Cambridge News ‘received anonymous JFK assassination tip-off’

US President John F Kennedy and first lady Jacqueline Kennedy arrive at Love Field in Dallas, Texas, less than an hour before his assassinationImage copyrightREUTERS
Image captionThe president and first lady were in Dallas when the assassination happened

A British local newspaper received an anonymous call about “some big news” in the US, shortly before President John F Kennedy was assassinated, according to documents.

A memo dated 26 November 1963 said the call was made to the Cambridge News at 18:05 GMT on 22 November 1963.

This was 25 minutes before Kennedy was shot in Dallas, Texas.

A copy of the memo was released by the National Archives in the US in July, but had gone unreported.

It was revealed again when the latest batch of documents relating to the assassination were released on Thursday.

President John F Kennedy (R) with Attorney General Robert F KennedyImage copyrightEPA
Image captionThe life and death of JFK (r) continues to fascinate more than half a century later

President Kennedy was shot as he rode in a presidential motorcade in Dealey Plaza at 12:30 Central Standard Time, which is six hours behind Greenwich Mean Time.

‘Sound and loyal’

The document, from the deputy director of the FBI, James Angleton, to the director, J Edgar Hoover, said the British Security Service (MI5) had reported that the call was made to the senior reporter of the newspaper.

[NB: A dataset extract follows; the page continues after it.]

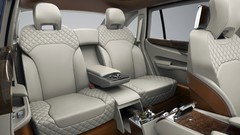 Bentley interior design Bentley XP9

The memo read: “The caller said only that the Cambridge News reporter should call the American Embassy in London for some big news and then hung up.

“After the word of the President’s death was received the reporter informed the Cambridge police of the anonymous call and the police informed MI5.

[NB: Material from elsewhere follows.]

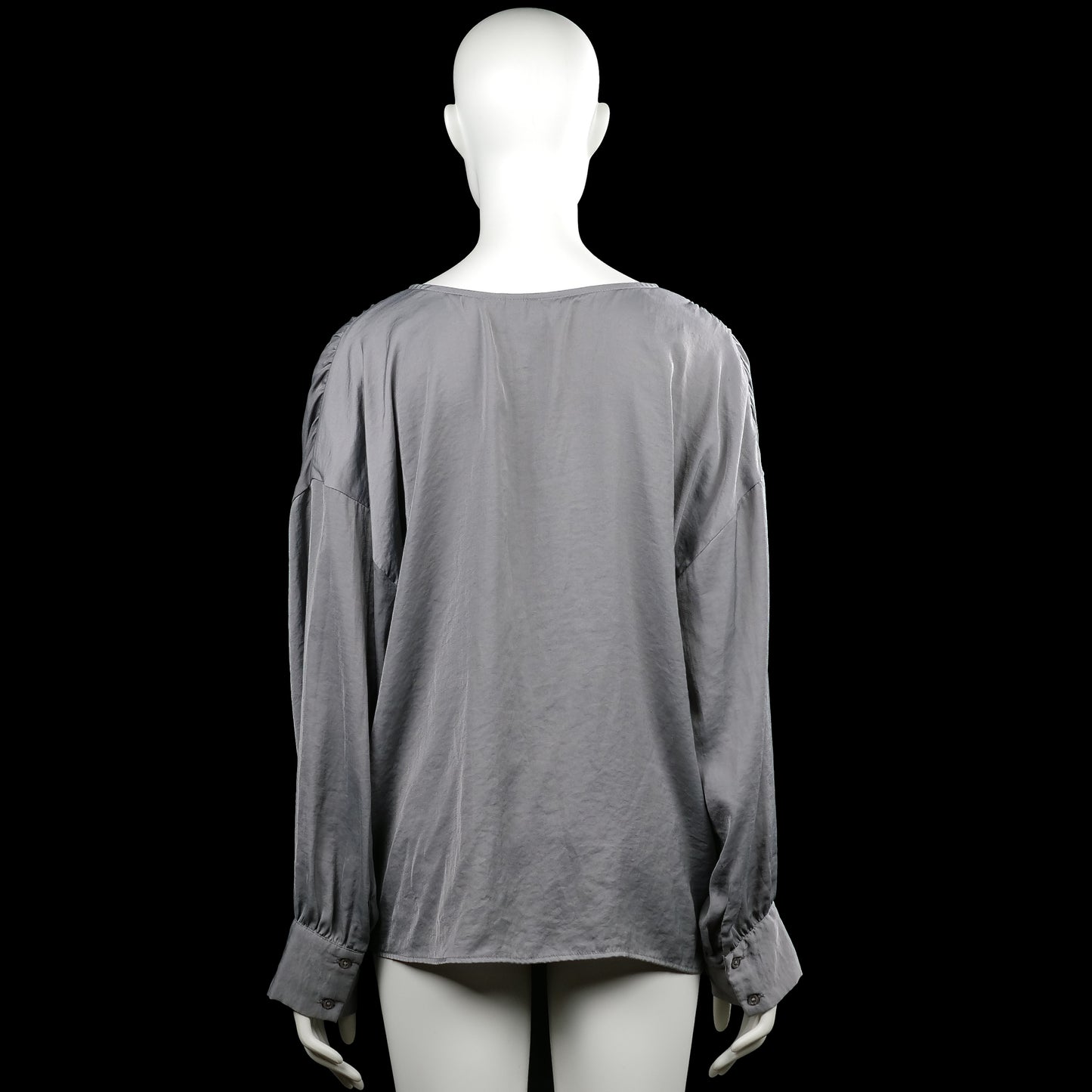 Blouse - Gray - Size XL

“The important point is that the call was made, according to MI5 calculations, about 25 minutes before the President was shot.

“The Cambridge reporter had never received a call of this kind before, and MI5 state that he is known to them as a sound and loyal person with no security record.”

The memo added that similar anonymous phone calls “of a strangely coincidental nature” had been received by people in the UK over the past year, “particularly in connection with the case of Dr Ward” – potentially a reference to Dr Stephen Ward, one of the central figures in the Profumo affair.

Current staff at the Cambridge News said they did not know who took the call, but they were speaking to people who worked there in the 1960s to find out.

Reporter Anna Savva said hearing about it was “completely jaw-dropping”.

“It would have been common knowledge in the office who took the call, but we have nothing in our archive – we have nobody here who knows the name of the person who took the call,” she said.

She added that there was only speculation as to why the anonymous caller chose the Cambridge News.